Exposure to physical climate impacts and related insurance risks are a real issue for location of climate infrastructure assets and can affect their long-term investibility. Panelists spoke of managing those risks through physical modelling, resilient infrastructure design and diversifying the risk with a portfolio of developments across different regions of New Zealand.
Think of climate infrastructure as a global investment opportunity offering long-term value creation and portfolio diversification benefits for institutional investors. Panelists noted that allocating capital [at scale] is more challenging for daily liquid funds like KiwiSaver and suggested that insurance companies are a more natural fit. Be prepared to take some risk (investors). Take some first steps.
A global investment approach is important from a climate impact perspective too.

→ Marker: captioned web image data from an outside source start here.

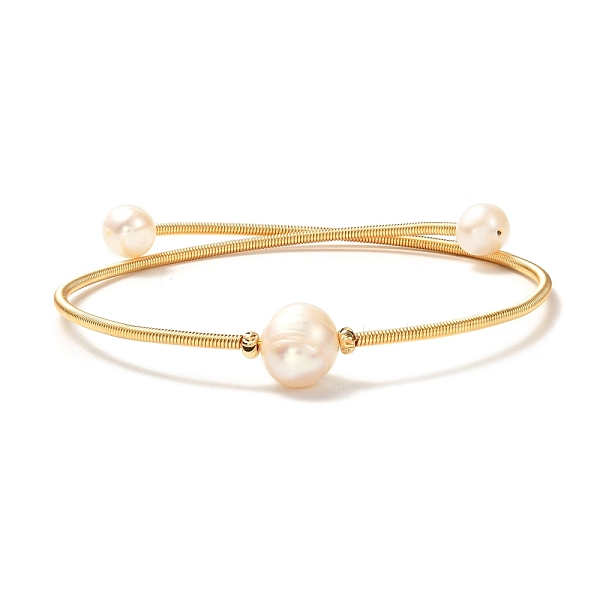 PandaHall Natural Pearl Beads Bangle for Girl Women, Steel & Copper Wire Torque Bangles, Golden, Seashell Color, Inner Diameter: 2 inch(5cm)...
PandaHall Natural Pearl Beads Bangle for Girl Women, Steel & Copper Wire Torque Bangles, Golden, Seashell Color, Inner Diameter: 2 inch(5cm)...
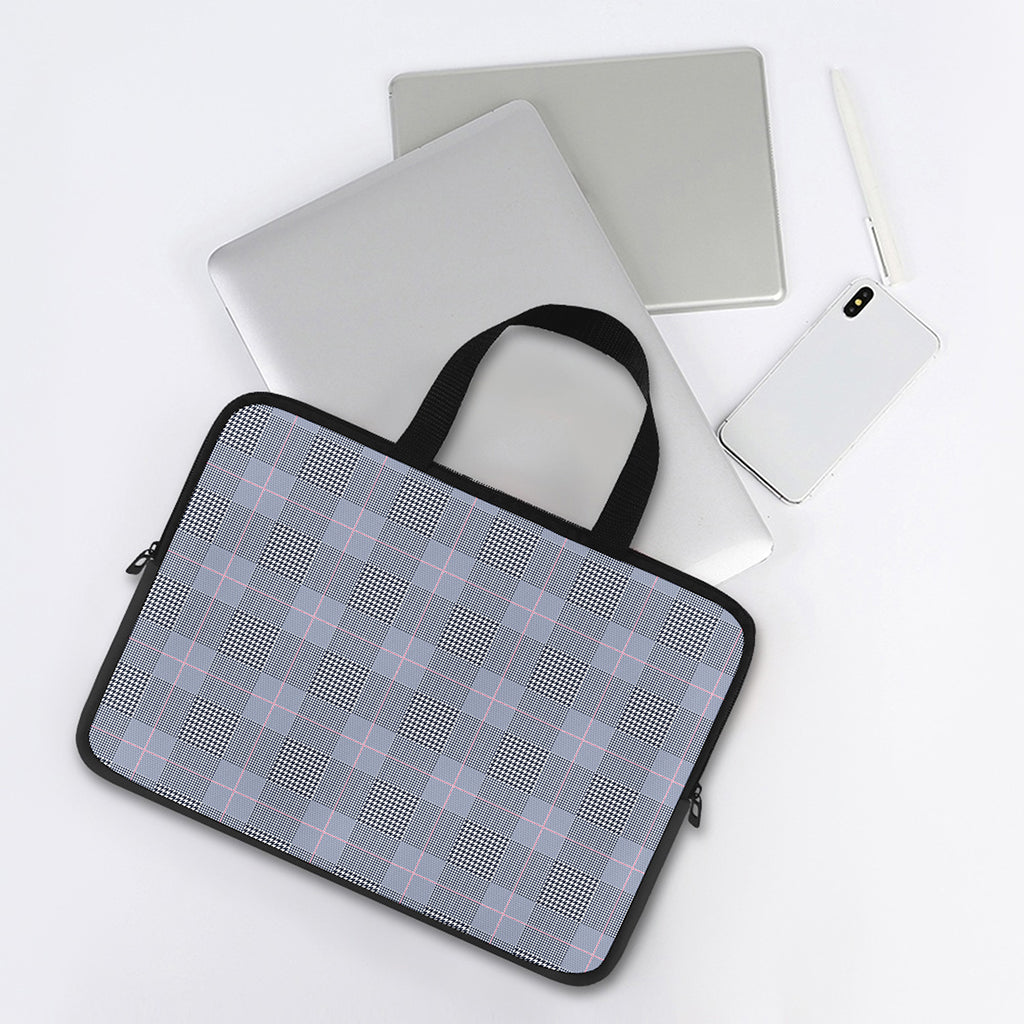 Navy Blue Prince of Wales Check Print Laptop Sleeve With Handle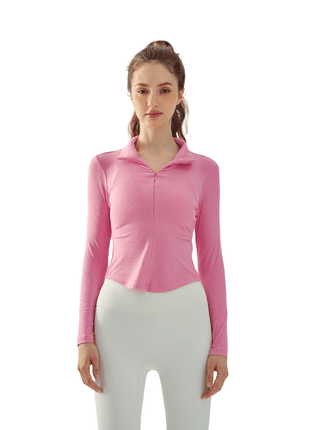 pink half zip mock neck yoga top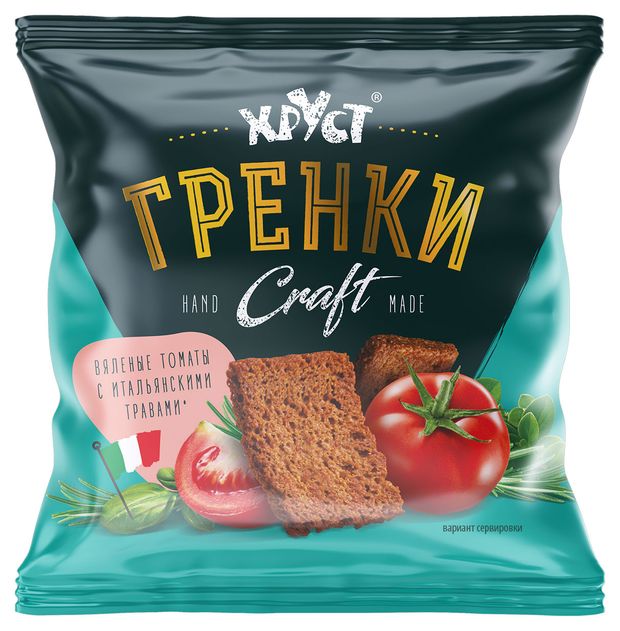 

Гренки Хруст Craft со вкусом томатов вяленых с итальянскими травами 75 г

Driving change in large economies such as China and India will be crucial to meeting Paris goals. Look for opportunities to support climate infrastructure in New Zealand also - some investors may choose to prioritise local contribution and impact. Panelists noted the real need for capital in the New Zealand infrastructure sector.
Allocation of capital could be accelerated through access to structured products that meet the needs of institutional investors. Products offering scale, diversification and understandable data-backed cashflows that can be plugged into valuation models. Overseas players such as Blackrock see strong interest from New Zealand clients and the opportunity to leverage their scale and expertise to add value in the New Zealand market partnering with high-calibre local management teams.

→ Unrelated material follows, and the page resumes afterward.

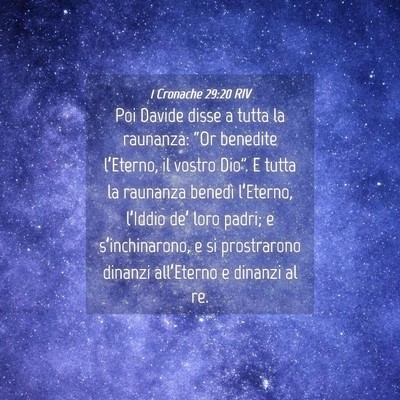 Picture 04 - 1 Cronache 29:20 RIV - Poi Davide disse a tutta la raunanza: “Or - Bible Verse Picture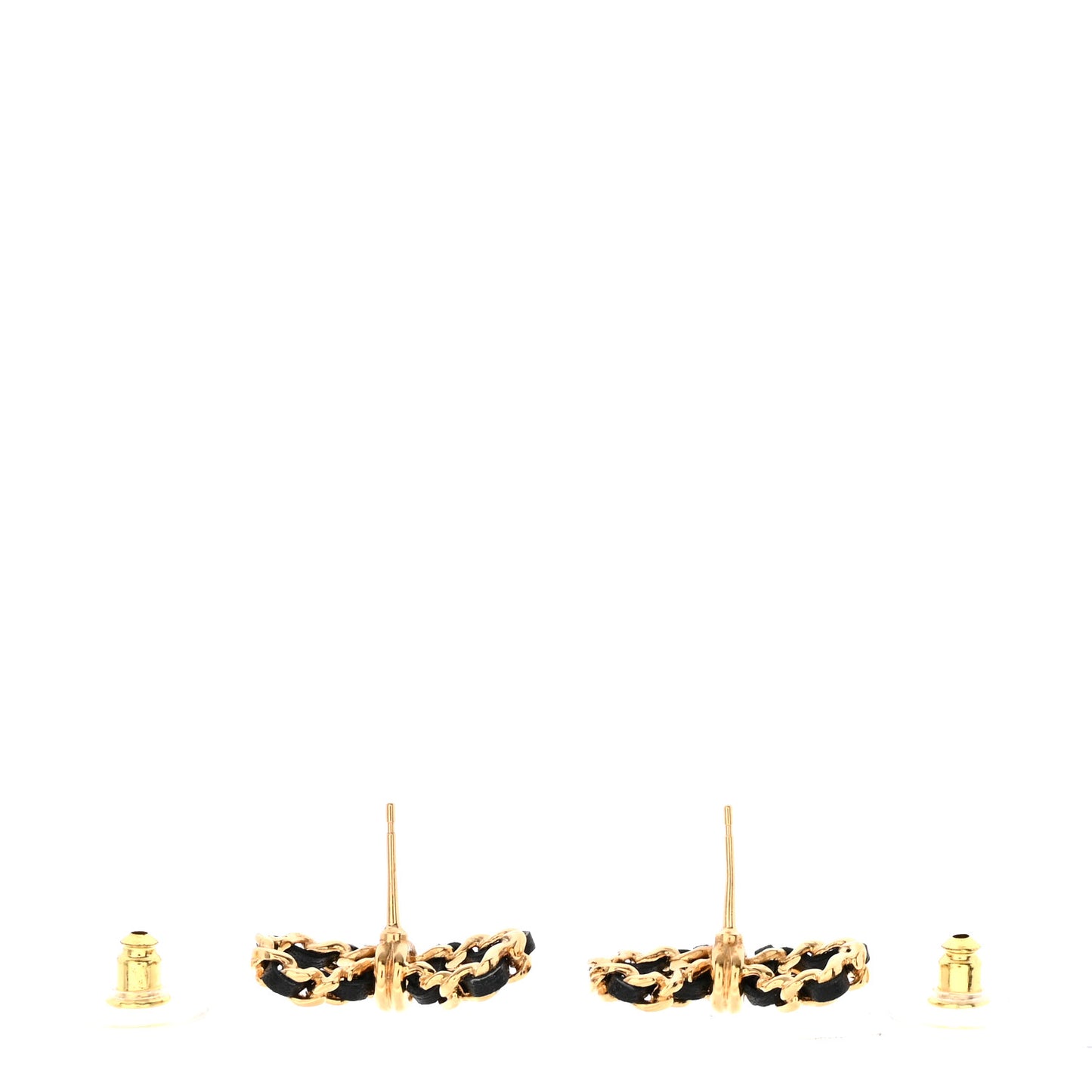 Lambskin Chain Bow Stud Earrings Black Gold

Collaboration and partnerships will also help unlock private capital and drive climate infrastructure projects. For example, NZGIF is increasingly focused on the capital supply side. How to create and structure opportunities to bring in other investors including corporate partnerships and meet the needs of institutional investors.

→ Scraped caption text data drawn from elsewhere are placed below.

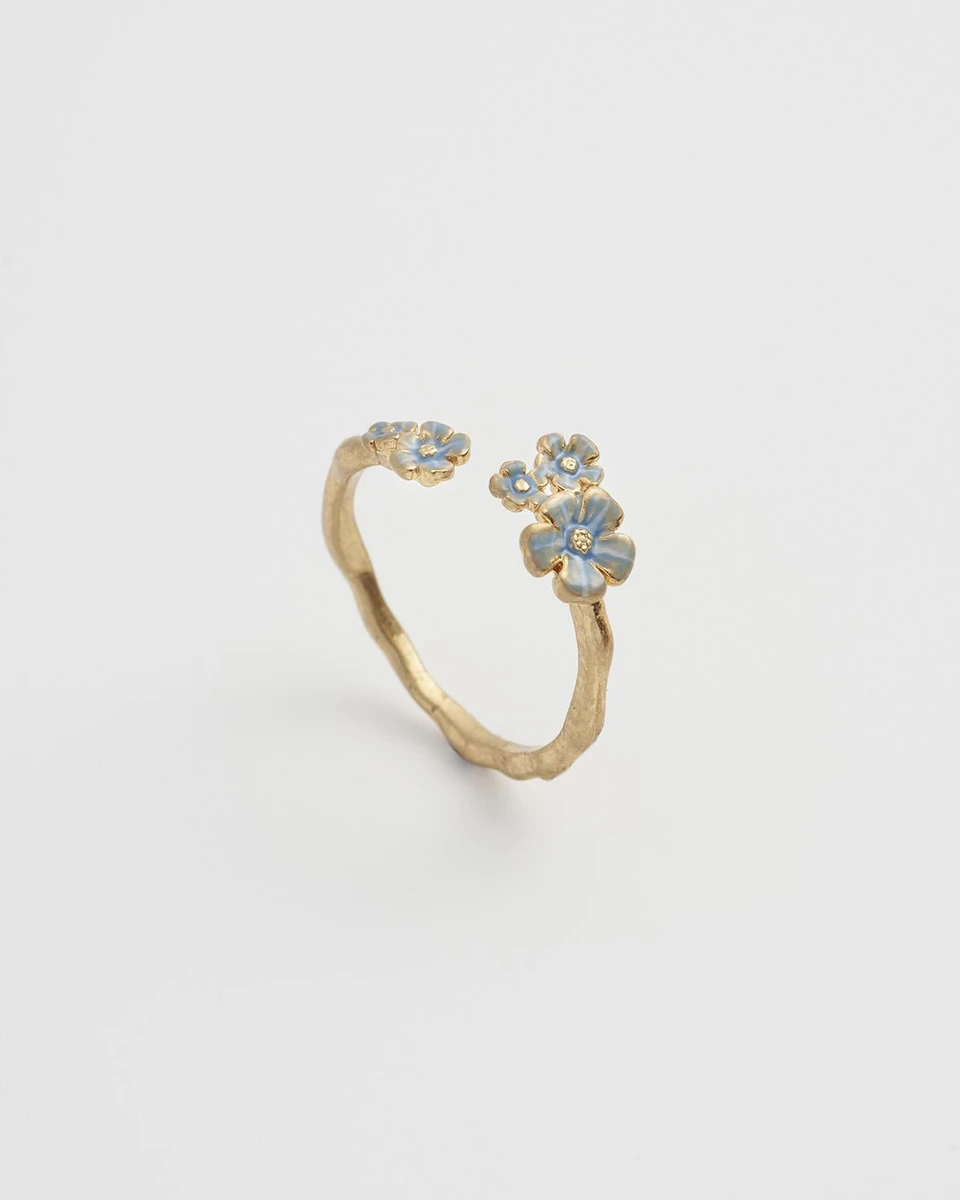 Bague fleurs bleues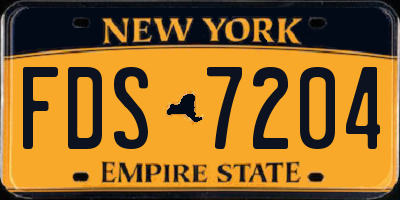 NY license plate FDS7204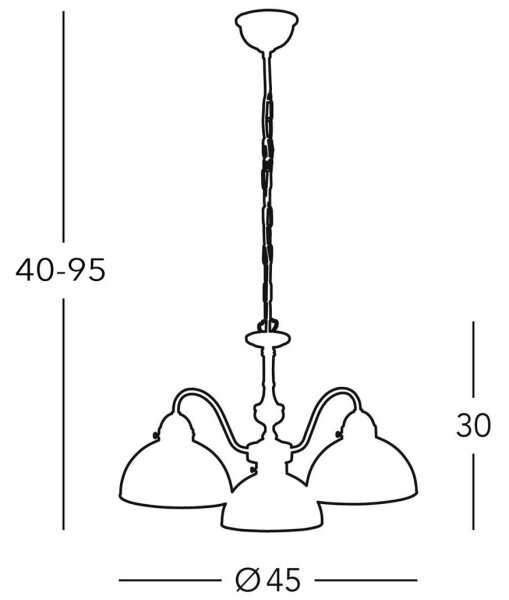 Kolarz 731.83.53 - Luster na lancu NONNA 3xE27/75W/230V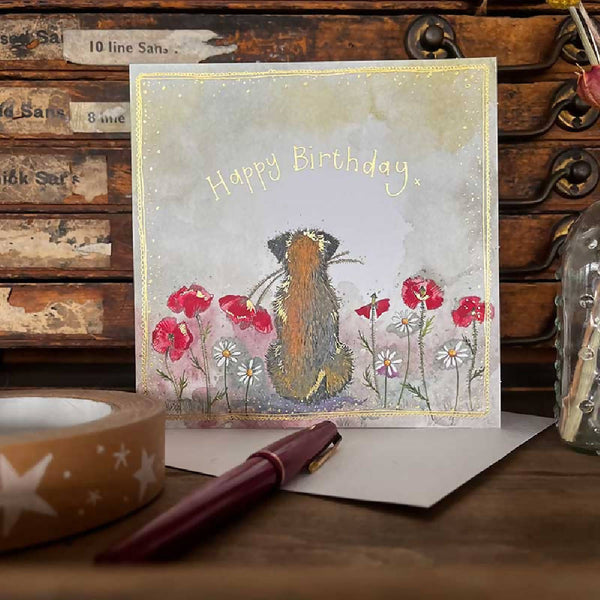 Border Terrier & Poppies Birthday Card by Alex Clark Art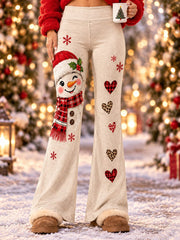 Women's Christmas Snowman Print Pants
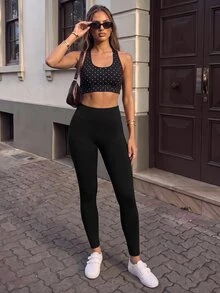 Pariaura High Waist Seamless Hollow Out Sports Leggings - Black - View 4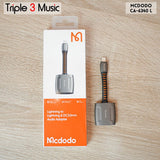 MCDODO Ca 6340 Ca6340 Iphone Splitter Lightning to Jack 3.5 Mm + Lightning Audio Open Mic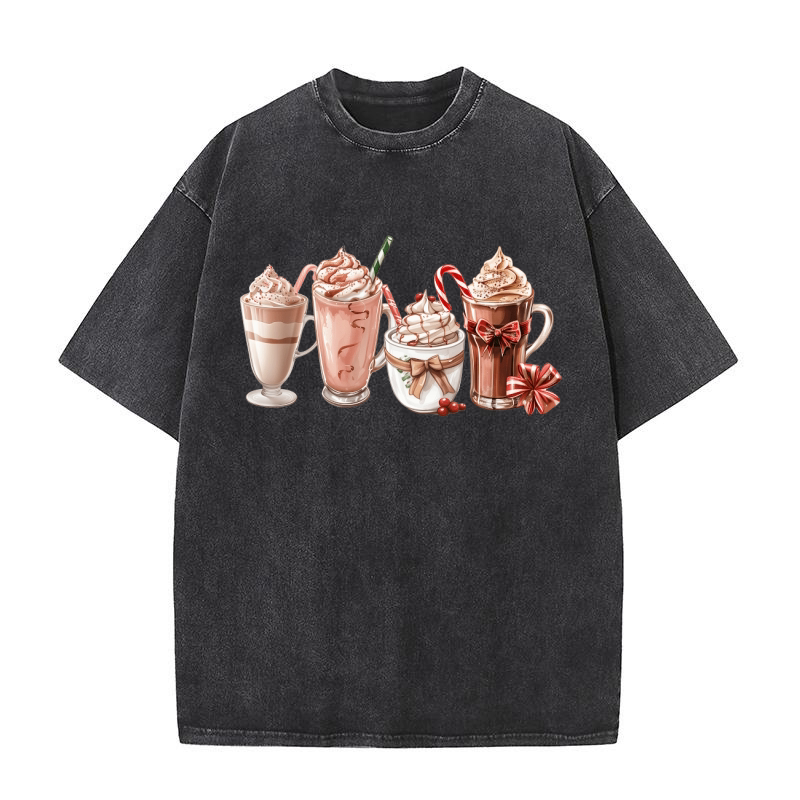 Christmas Cocoa Coffee Cookies 03 Washed T-Shirt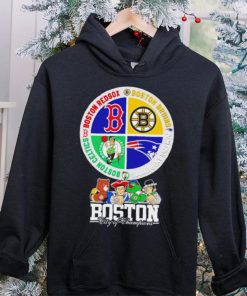 Boston city of Champions Boston Bruins New England Patriots Boston Red Sox Boston Celtics mascots 4 team sport circle logo shirt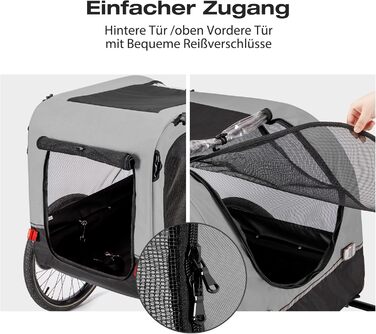 Причіп для собак CXWXC 2-в-1: велосипедний причіп та візок для собак з амортизаторами, сірий, вантажопідйомність 40 кг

Long-term thinking and stable regulatory environments are crucial to building confidence in climate infrastructure investments. This includes pricing carbon properly to reflect climate risks and make better economic decisions. Regarding the impact of New Zealand’s subsidy-free approach on attracting global capital, panelists considered that some areas (e.g. offshore wind) may need targeted government support to commericalise and scale due to their development costs and timeframe, whereas other or more mature technologies (e.g. solar) are already economic unsubsidised.
Energy sector transformation will require evolution of the electricity market. Panelists noting the transition from marginal cost providers to renewable generators with zero marginal cost. The discussed the role of utility-scale storage, innovation in demand-side management and long-term contracts in mitigating market volatility.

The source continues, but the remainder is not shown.